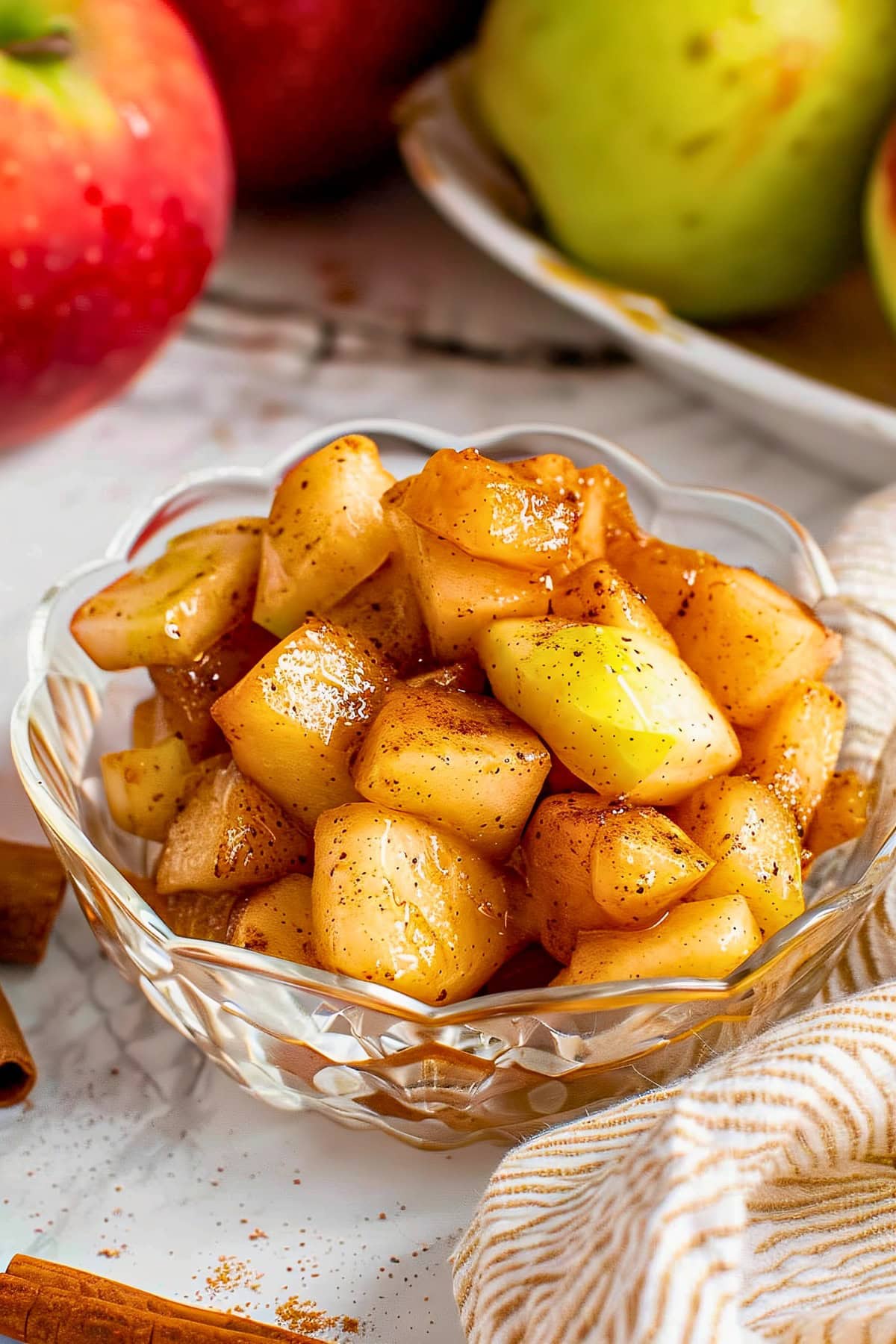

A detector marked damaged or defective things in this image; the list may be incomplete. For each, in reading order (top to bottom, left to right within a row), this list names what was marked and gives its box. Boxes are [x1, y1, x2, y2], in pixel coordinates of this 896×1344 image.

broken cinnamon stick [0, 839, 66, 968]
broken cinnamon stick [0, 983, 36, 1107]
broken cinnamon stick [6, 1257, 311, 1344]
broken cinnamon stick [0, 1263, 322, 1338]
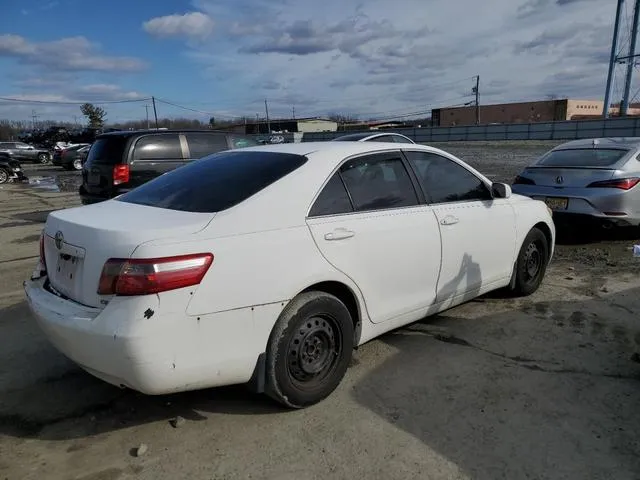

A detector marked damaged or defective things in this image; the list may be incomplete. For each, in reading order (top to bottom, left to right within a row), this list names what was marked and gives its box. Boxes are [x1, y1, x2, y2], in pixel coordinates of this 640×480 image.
──────────
## [Exercise directions]
Output each line above exactly. Skip the images.

## [Expected answer]
A detector marked damaged or defective things in this image; the list may be incomplete. For each, in reading order (top to bottom, left to right within a row), this list names what was marked and gives its box. Boxes are [x1, y1, x2, y2], in pixel coordinates of this 896×1344 image.

broken cinnamon stick [0, 839, 66, 968]
broken cinnamon stick [0, 983, 36, 1107]
broken cinnamon stick [6, 1257, 311, 1344]
broken cinnamon stick [0, 1263, 322, 1338]

A detector marked damaged or defective things in this image; the list may be incomplete. For each, in reading order (top to bottom, left to right within a row), this list names what was marked and gives its box. Boxes are [x1, y1, x2, y2], in pixel coordinates of this 640×480 image.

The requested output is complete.